> WORKING DATA
----
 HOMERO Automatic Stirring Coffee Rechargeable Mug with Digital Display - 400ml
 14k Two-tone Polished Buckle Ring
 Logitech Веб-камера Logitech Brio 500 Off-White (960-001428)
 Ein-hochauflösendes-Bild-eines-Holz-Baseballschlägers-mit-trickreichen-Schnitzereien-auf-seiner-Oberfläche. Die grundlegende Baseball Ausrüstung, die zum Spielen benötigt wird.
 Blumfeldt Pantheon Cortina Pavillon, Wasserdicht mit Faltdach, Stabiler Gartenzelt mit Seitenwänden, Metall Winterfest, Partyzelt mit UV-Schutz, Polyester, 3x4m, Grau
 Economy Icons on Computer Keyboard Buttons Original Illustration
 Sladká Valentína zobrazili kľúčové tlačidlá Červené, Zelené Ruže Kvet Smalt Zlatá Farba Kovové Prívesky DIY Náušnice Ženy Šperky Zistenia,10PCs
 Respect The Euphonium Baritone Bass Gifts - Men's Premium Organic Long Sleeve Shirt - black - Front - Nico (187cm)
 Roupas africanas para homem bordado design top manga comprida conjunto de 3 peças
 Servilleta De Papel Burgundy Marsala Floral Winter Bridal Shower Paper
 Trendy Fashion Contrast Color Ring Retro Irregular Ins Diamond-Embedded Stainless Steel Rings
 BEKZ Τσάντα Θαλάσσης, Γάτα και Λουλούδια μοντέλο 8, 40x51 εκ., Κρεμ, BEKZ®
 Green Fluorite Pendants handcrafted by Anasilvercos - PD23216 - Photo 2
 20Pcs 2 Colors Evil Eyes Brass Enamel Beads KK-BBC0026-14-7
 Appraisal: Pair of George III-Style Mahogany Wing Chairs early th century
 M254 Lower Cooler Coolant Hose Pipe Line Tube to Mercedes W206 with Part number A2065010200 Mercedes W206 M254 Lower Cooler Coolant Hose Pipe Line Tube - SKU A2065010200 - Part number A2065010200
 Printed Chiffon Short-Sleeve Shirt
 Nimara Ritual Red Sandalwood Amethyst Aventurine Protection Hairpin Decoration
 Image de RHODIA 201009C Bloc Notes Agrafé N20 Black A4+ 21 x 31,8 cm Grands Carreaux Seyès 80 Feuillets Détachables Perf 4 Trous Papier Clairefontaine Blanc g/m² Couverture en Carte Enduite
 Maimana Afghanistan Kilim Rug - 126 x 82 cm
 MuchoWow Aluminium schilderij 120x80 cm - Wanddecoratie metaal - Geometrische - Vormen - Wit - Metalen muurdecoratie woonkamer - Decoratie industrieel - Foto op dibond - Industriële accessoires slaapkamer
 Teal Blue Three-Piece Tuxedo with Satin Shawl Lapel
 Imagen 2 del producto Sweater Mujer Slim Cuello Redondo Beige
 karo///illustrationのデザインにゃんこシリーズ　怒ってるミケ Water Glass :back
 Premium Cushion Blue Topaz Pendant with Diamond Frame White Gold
----
> INSTRUCTIONS FOR THE TASK
Looking at the material above, state the number of lines holding the word "Diamond", and only that number.

> RESPONSE TO THIS EXERCISE
2